[Start of section]

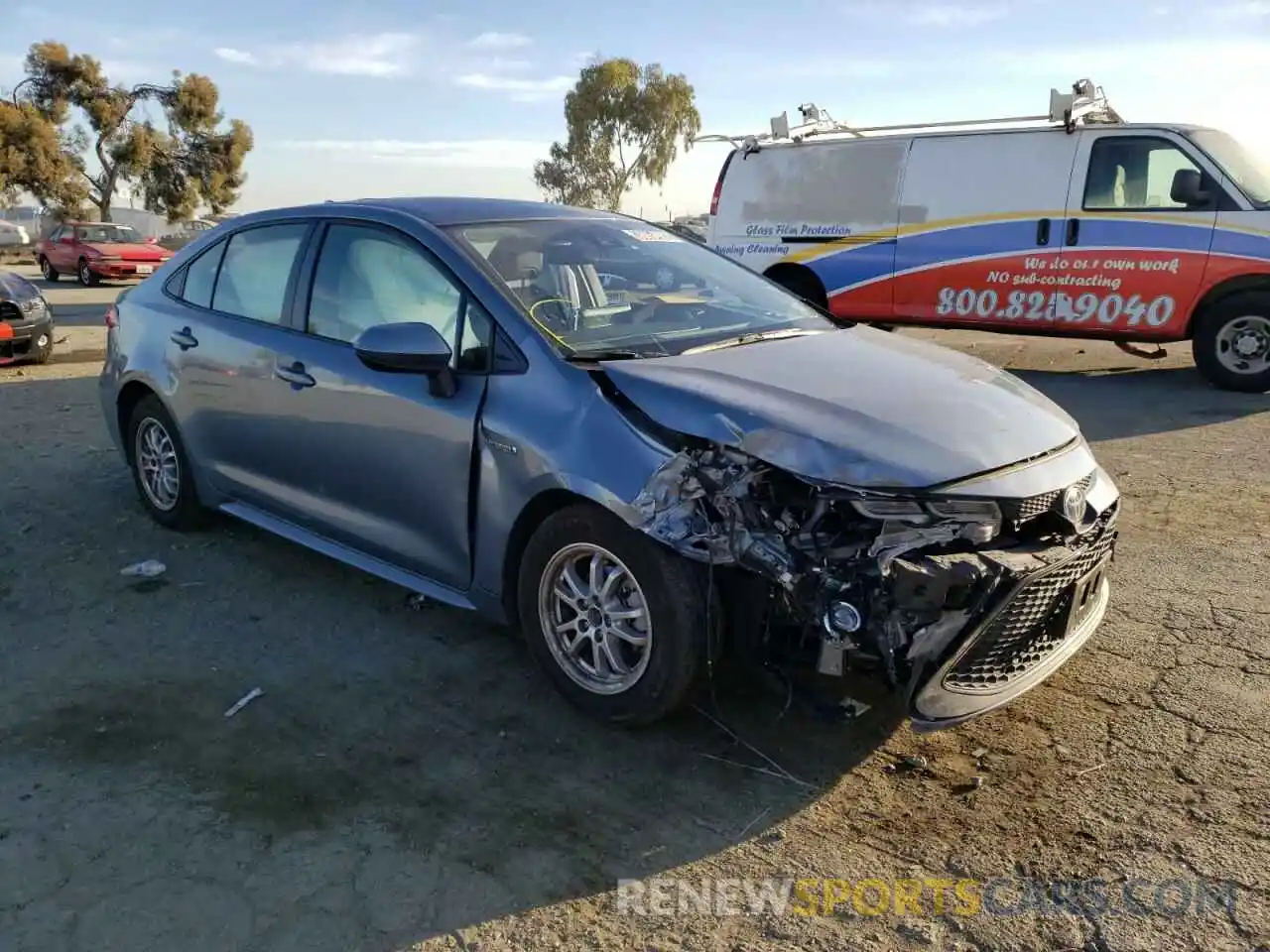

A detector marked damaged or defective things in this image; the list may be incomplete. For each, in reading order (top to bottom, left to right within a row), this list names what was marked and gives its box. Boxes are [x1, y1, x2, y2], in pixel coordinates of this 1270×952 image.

cracked windshield [446, 219, 833, 357]
damaged gray toyota corolla [96, 199, 1111, 738]
crushed hood [603, 329, 1080, 492]
damaged front quarter panel [619, 438, 1119, 730]
broken headlight [853, 494, 1000, 524]
crumpled front bumper [909, 508, 1119, 734]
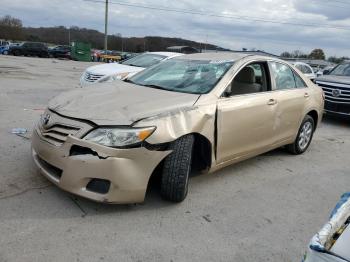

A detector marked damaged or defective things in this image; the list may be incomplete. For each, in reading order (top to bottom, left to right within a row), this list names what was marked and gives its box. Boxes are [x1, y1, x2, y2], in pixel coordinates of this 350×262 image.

dented hood [48, 80, 200, 125]
broken bumper cover [31, 128, 171, 203]
damaged front bumper [31, 128, 171, 204]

[End of section]

*Required work:*
Reproduce the material word for word, but without its images.

*Result below:*
A detector marked damaged or defective things in this image; the list may be incomplete. For each, in reading order (top to bottom, left to right within a row), this list names what was marked and gives its box. Boxes are [x1, y1, x2, y2], in pixel coordinates of this 1270×952 image.

cracked windshield [446, 219, 833, 357]
damaged gray toyota corolla [96, 199, 1111, 738]
crushed hood [603, 329, 1080, 492]
damaged front quarter panel [619, 438, 1119, 730]
broken headlight [853, 494, 1000, 524]
crumpled front bumper [909, 508, 1119, 734]

A detector marked damaged or defective things in this image; the list may be incomplete. For each, in reading order (top to bottom, left to right within a row), this list names what was marked and gives its box. Boxes are [x1, y1, x2, y2], in pixel coordinates of this 350×262 image.

dented hood [48, 80, 200, 125]
broken bumper cover [31, 128, 171, 203]
damaged front bumper [31, 128, 171, 204]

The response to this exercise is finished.